Short web captions:

┌────────

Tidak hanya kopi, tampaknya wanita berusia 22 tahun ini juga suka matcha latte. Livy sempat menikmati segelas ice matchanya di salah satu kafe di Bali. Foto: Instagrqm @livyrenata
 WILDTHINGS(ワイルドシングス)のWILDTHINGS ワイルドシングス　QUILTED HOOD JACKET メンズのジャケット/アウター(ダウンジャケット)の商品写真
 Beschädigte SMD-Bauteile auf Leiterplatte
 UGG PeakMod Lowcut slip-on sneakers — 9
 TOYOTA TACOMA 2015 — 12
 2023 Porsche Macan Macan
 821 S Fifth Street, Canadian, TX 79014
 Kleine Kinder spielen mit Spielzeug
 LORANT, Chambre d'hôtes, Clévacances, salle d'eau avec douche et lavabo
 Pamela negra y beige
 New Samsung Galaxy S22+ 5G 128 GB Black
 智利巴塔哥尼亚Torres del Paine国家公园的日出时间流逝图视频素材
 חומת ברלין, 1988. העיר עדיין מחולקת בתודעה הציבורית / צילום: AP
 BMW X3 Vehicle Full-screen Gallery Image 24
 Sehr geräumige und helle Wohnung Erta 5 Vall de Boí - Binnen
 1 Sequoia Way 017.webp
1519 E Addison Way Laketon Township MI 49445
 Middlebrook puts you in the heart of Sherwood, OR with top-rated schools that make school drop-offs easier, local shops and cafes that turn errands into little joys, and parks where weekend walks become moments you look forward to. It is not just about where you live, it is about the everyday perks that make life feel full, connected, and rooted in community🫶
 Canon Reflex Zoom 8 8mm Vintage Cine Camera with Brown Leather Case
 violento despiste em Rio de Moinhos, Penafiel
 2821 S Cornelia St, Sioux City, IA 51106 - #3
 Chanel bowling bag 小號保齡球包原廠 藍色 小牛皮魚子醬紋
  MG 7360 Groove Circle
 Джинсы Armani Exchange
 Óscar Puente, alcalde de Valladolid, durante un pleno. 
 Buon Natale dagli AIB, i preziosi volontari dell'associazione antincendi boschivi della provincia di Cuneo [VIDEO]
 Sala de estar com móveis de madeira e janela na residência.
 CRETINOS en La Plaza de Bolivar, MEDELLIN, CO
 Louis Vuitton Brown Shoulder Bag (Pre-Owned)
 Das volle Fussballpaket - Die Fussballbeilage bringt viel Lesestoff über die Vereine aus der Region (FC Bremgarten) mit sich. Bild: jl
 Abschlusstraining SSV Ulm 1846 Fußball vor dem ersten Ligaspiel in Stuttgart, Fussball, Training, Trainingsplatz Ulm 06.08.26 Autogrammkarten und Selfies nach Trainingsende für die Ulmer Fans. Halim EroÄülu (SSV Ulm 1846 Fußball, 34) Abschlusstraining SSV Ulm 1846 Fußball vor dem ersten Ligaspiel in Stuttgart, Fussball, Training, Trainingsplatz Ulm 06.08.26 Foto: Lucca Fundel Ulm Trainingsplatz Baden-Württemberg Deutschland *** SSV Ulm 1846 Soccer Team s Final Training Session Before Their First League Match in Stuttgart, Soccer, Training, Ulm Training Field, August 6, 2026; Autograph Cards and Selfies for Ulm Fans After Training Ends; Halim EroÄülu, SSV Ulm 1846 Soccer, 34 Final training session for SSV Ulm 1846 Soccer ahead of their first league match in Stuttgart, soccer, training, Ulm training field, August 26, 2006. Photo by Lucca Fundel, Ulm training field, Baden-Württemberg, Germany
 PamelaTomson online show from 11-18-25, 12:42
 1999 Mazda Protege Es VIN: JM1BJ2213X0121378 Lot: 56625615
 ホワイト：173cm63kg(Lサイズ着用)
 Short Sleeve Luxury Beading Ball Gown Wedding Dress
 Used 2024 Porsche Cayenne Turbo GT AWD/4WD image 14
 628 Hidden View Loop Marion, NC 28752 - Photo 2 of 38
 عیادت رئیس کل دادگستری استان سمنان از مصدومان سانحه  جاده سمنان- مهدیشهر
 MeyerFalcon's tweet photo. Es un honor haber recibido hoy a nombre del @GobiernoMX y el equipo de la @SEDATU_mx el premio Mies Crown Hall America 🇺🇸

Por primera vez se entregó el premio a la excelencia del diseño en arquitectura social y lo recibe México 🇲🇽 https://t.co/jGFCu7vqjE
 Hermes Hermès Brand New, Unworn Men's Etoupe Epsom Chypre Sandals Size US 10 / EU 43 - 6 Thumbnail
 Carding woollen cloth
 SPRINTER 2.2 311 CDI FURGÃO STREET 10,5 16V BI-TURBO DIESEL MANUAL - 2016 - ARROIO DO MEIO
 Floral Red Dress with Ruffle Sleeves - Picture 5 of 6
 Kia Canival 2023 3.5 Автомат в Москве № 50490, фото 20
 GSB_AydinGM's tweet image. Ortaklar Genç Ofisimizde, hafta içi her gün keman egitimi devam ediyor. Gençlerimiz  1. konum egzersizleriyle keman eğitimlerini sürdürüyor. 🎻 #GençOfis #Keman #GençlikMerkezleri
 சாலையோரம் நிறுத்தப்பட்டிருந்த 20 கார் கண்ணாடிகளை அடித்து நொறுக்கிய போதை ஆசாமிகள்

└────────

■ Task to complete ■
Only one stretch of the data above is needed. Restate it word for word, from the line containing "MG 7360 Groove Circle" through the line containing "CRETINOS en La", both ends included.

■ Result of this task ■
  MG 7360 Groove Circle
 Джинсы Armani Exchange
 Óscar Puente, alcalde de Valladolid, durante un pleno. 
 Buon Natale dagli AIB, i preziosi volontari dell'associazione antincendi boschivi della provincia di Cuneo [VIDEO]
 Sala de estar com móveis de madeira e janela na residência.
 CRETINOS en La Plaza de Bolivar, MEDELLIN, CO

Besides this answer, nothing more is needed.